M. an Friedrich Myconius [in Gotha].
- Weimar, 9. Januar [1529]
[1] [Johannes Francus] Portunus brachte Post und den Entwurf einer Homiletik [Suppl. 5/2, 1-14], den M. auf Wunsch des Myc. vollenden will.
[2] Der Kurprinz [Johann Friedrich] schickte gestern Luthers Antwort an Hz. Georg [von Sachsen: Von heimlichen und gestohlenen Briefen: WA 30/2, 1-48; vgl. MBW 721f] an M., der wie alle anderen über den unwürdigen Ton betrübt ist. Die Buchhändler jedoch werden damit wieder ihr Geschäft machen.

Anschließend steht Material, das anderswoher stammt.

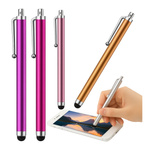 Stylus Pen for Tablet Tablet and Phone Universal for Touch Screens 5 pcs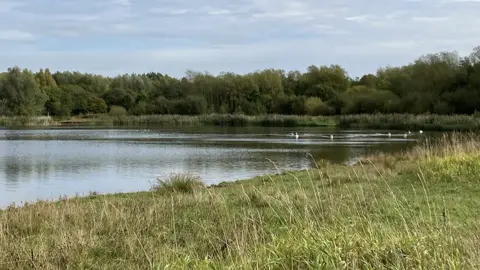 BBC Flashes of Wigan and Leigh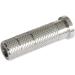 Yeseje Aluminum Arrow Inserts .244 for Target Practice (36-Pack) - Buy Online on GoSupps.com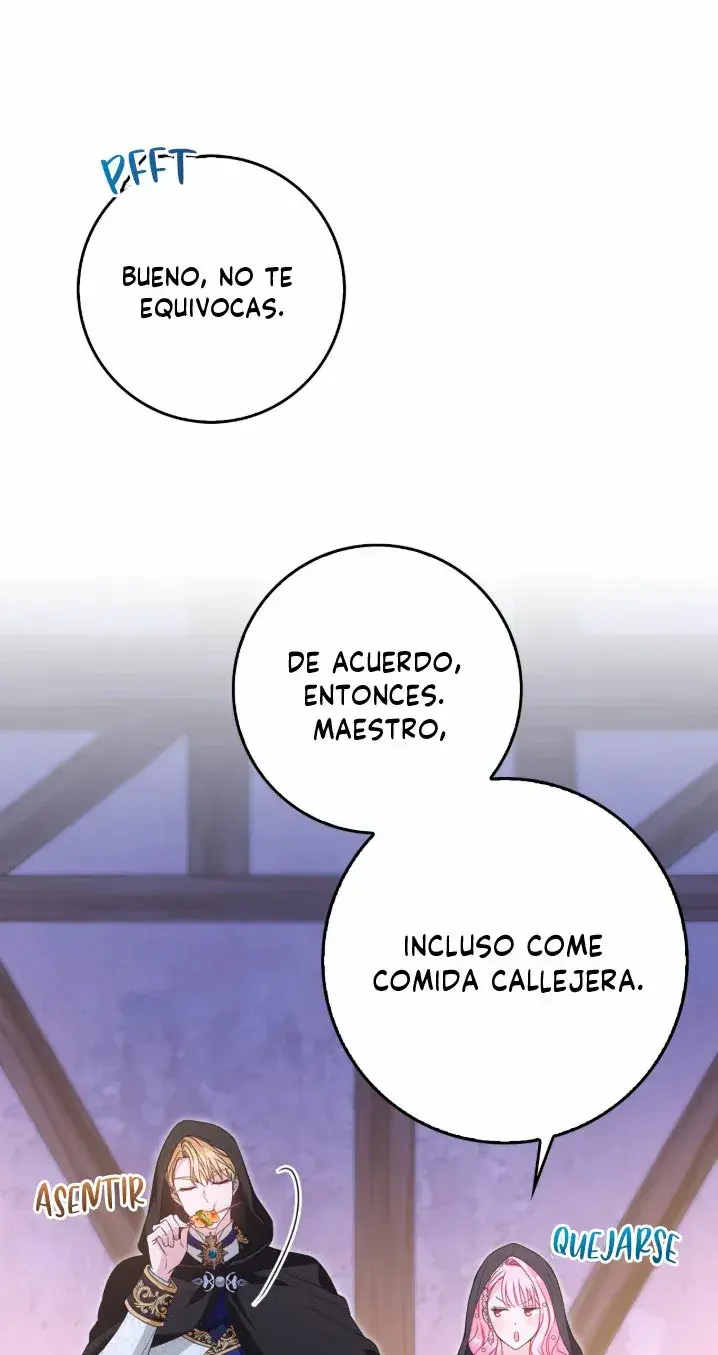 Capitulo 17 page 71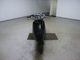 Фото Honda DIO с японского аукциона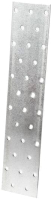 

Пластина соединительная Металлист, Крепежная 80x200x2.0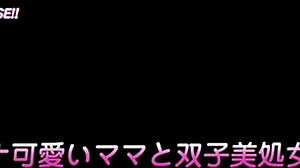 Hentai Anime Demo1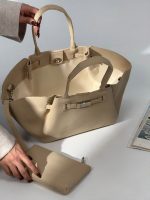 کیف دستی WINGED کد 280483 - Image 4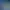 https://shared.akamai.steamstatic.com/store_item_assets/steam/apps/1601330/header.jpg?t=1747221225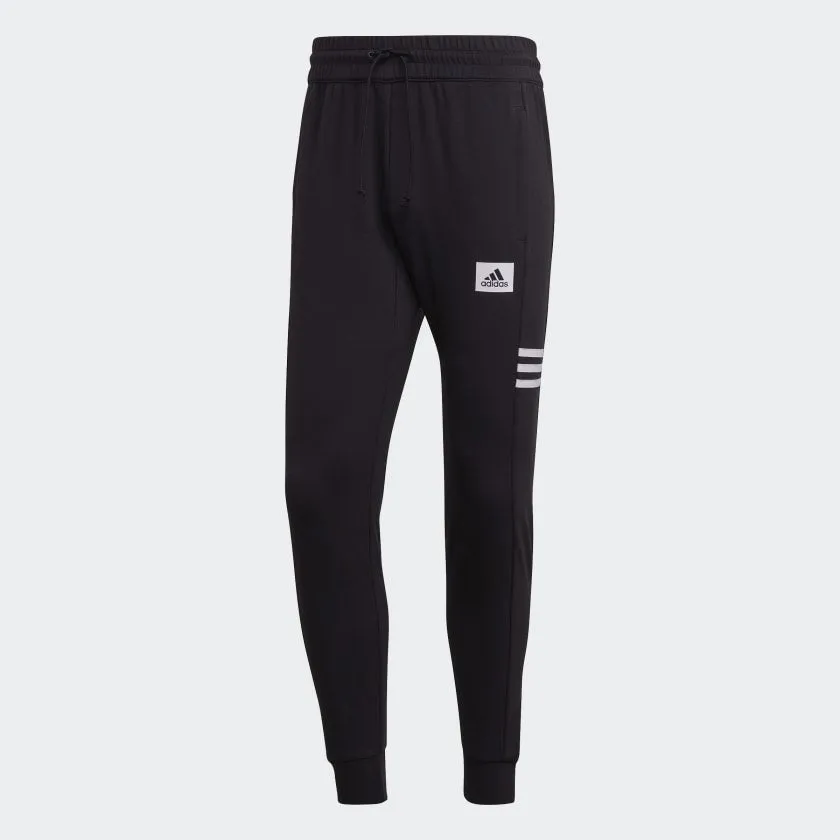 ADIDAS W D2M MO PT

[3] Kf. [Johann] berät [die Visitationsergebnisse] von Gotha und Eisenach. Kanzler [Gregor] Brück ist nach erfolgreichen Verhandlungen [über die Packschen Händel] auf der [Rück]reise [von Worms].
[4] [Christoph] von der Planitz kehrt heute in sein Amt [Voigtsberg und Plauen] zurück. Er diskutierte mit dem Kurprinzen über die Frage, ob ein Christ prozessieren darf. M. muß darüber eine Abhandlung schreiben [CR 1, 1023-1028 Nr. 575], die [Justus] Menius mitbringen wird. Grüße an [Johannes] Oswald und Basilius [Monner].
Fundort:
CR 1, 1022f Nr. 574 mit 3, 1284.
‒ MBW.T 3.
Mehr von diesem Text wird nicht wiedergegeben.